The exhibition “Korean Video Art from 1970s to 1990s: Time Image Apparatus” at the National Museum of Modern and Contemporary Art, Korea’s Gwacheon venue in Gyeonggi Province chronicles video art in Korea between the 1970s and the 1990s, presenting some 130 works by Paik and others who later adopted video in their works.
Paik’s works on view include “Good Morning Mr. Orwell,” a 1984 intercontinental broadcasting project that reached an audience of some 25 million worldwide. Borrowing images from performances by Merce Cunningham, Allen Ginsberg, Laurie Anderson, Peter Gabriel, Allen Ginsberg, Joseph Beuys and others, Paik presents a collage of images that encompass pop culture, avant-garde art and mass media.
Park Hyun-ki’s “Untitled” (1979). MMCA
Another seminal work by Paik included in the exhibition is “Global Groove,” a 28-minute video collage of performances by dancers, artists and musicians, accompanied by different types of music.
“Global Groove” (1973) had a great impact on Korean artists, including Park Hyun-ki, who saw it for the first time at the Daegu American Cultural Center in 1974. After seeing the work, Park began using video in his installation works.
“While the art scene in Seoul was relatively conservative in embracing new mediums of art, the art scene in Daegu was more open to new influences. Artists like Park Hyun-ki and Lee Kang-so were some of the artists based in Daegu who took that freedom to pioneer art experiments,” said the exhibition’s co-curator Bae Myung-ji.

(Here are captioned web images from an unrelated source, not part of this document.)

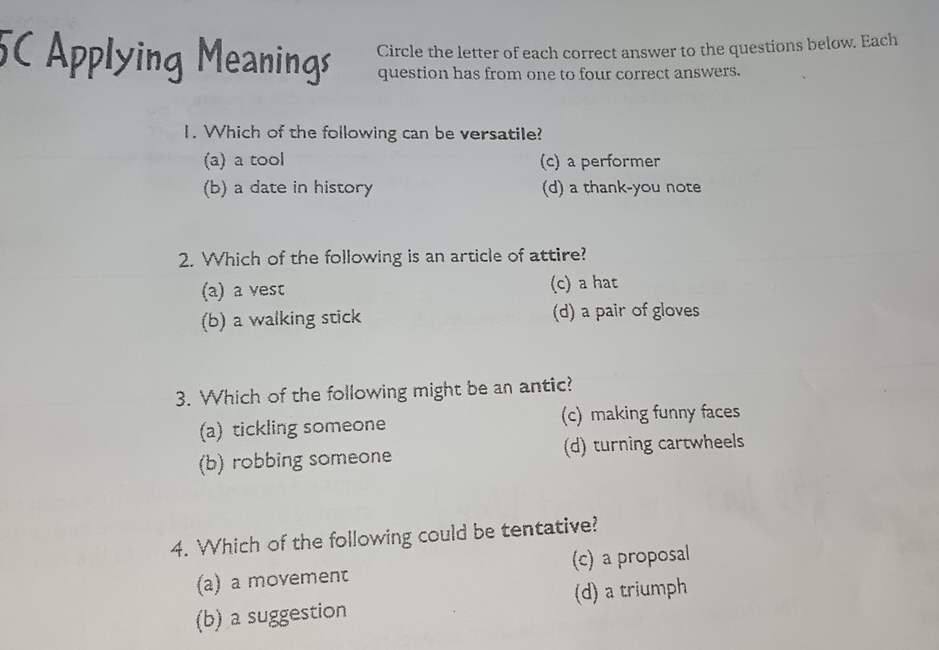 5C Applying Meanings Circle the letter of each correct answer to the questions below. Each
question has from one to four correct answers.
1. Which of the following can be versatile?
(a) a tool (c) a performer
(b) a date in history (d) a thank-you note
2. Which of the following is an article of attire?
(a) a vest (c) a hat
(b) a walking stick (d) a pair of gloves
3. Which of the following might be an antic?
(a) tickling someone (c) making funny faces
(b) robbing someone (d) turning cartwheels
4. Which of the following could be tentative?
(a) a movement (c) a proposal
(b) a suggestion (d) a triumph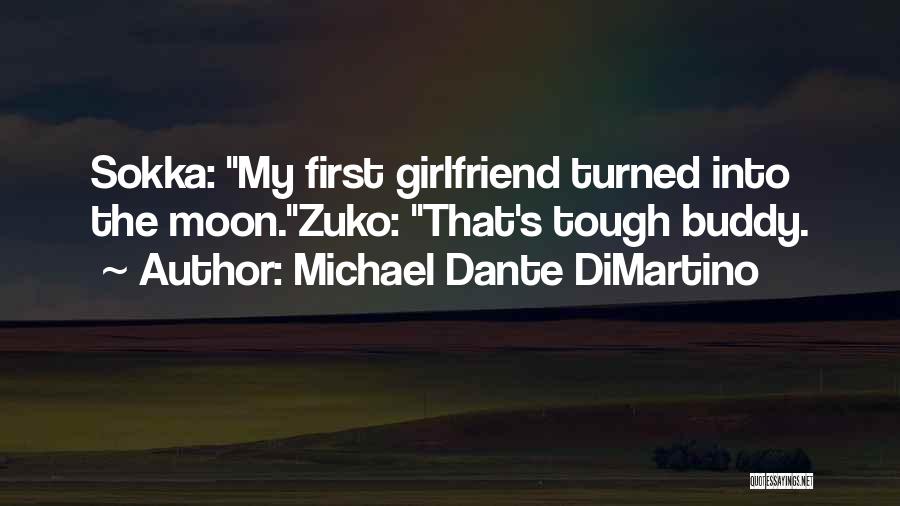 Michael Dante DiMartino Quotes: Sokka: My First Girlfriend Turned Into The Moon.zuko: That's Tough Buddy.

Park’s works at the exhibition include a number of video installations, such as the video stone tower displayed at the 1979 Sao Paulo Art Biennale and the 1980 Biennale de Paris.
There is also a series of photos documenting Park’s performance at the Sao Paulo Art Biennale, titled “Inclining Water.” In the photos, Park tilts a video displaying an image of water that is also tilting, creating the illusion that the television is filled with water.

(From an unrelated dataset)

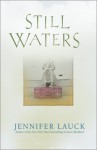 Still Waters - Jennifer Lauck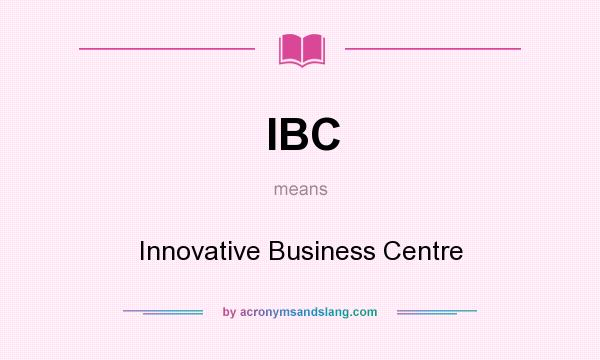 What does IBC mean? It stands for Innovative Business Centre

Park’s video installations, which use objects found in nature, are often described as “meditative.” Park’s works, in that respect, are sometimes associated with the mono-ha movement that started in Japan, according to some art critics.
“Park is perhaps the second most important video artist from Korea,” Bae said. “Interest in Park is also growing in the global art scene.”
One of Park’s video works created in 1978 was recently acquired by the Museum of Modern Art in New York. A curator from Australia recently visited the exhibition to consider Park’s works for a future exhibition featuring video artists from Asian countries, including Korea, Japan and China, according to MMCA officials.
Video sculptures from the time are spotlighted in detail in the third section, titled, “Video Sculptures and Kinetic Video Art.”
“When minjung art and monochrome paintings were popular, many artists here tried to find alternative mediums. Video was one of them. The difference, however, is that video was sought by sculptors,” curator Bae said.
Yook Tae-jin’s “Ghost Furniture” (1995). MMCA
Yook Tae-jin’s “Ghost Furniture” (1995) is a low-tech installation made of old traditional Korean-style furniture and video monitors. The screens are set up in drawers that constantly move back and forth, showing a man walking up a flight of stairs.
Another video sculpture on view is Moon Joo’s “Sea of Time” (1999), an installation of small monitors. In this work, the monitors, lined up in a row, show images of the horizon on the sea. Each monitor is designed to move up and down to make the water appear to be in motion like waves.
The exhibition also presents different types of artworks that use video, some by less-discussed artists and others by globally famous artists, such as Lee Bul and Kim Soo-ja.
The exhibit runs through May 31 next year.